• **WHAT TO PRODUCE**: Starting with the line that contains "Adidas Response Mens" and stopping after the line that contains "Sistema de Módulo AMPLEX AMS", copy the entries below exactly. Include nothing else.

• **RECORD EXCERPTS**:
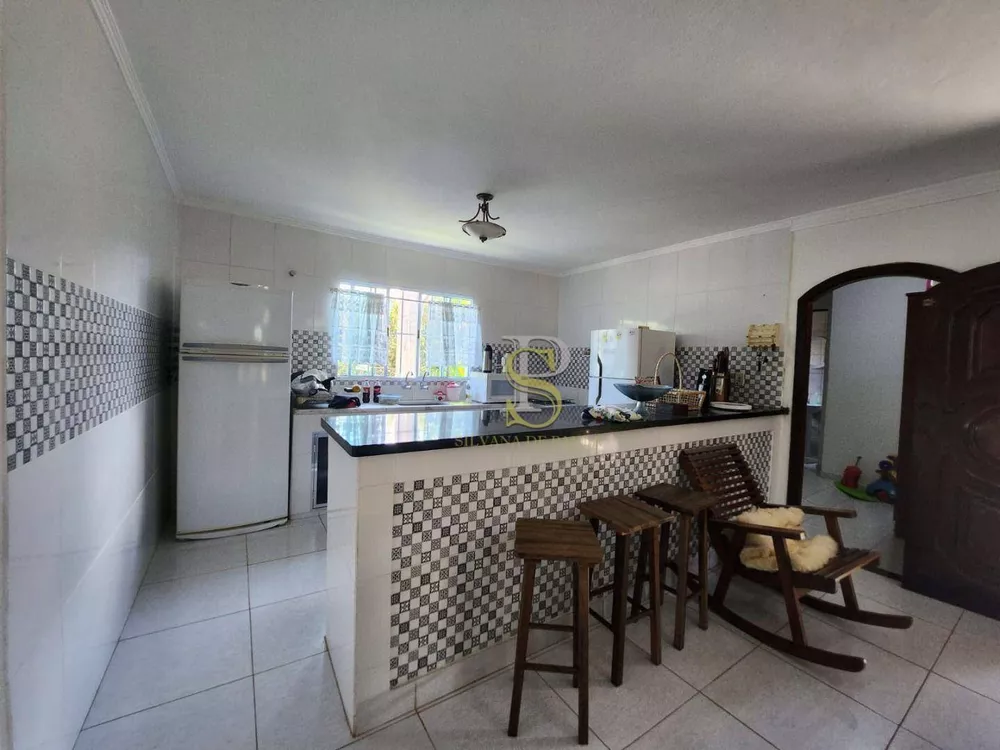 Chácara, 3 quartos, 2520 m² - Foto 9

---

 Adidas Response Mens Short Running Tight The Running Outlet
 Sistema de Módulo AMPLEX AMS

• **THE COMPLETED TASK**:
 Adidas Response Mens Short Running Tight The Running Outlet
 Sistema de Módulo AMPLEX AMS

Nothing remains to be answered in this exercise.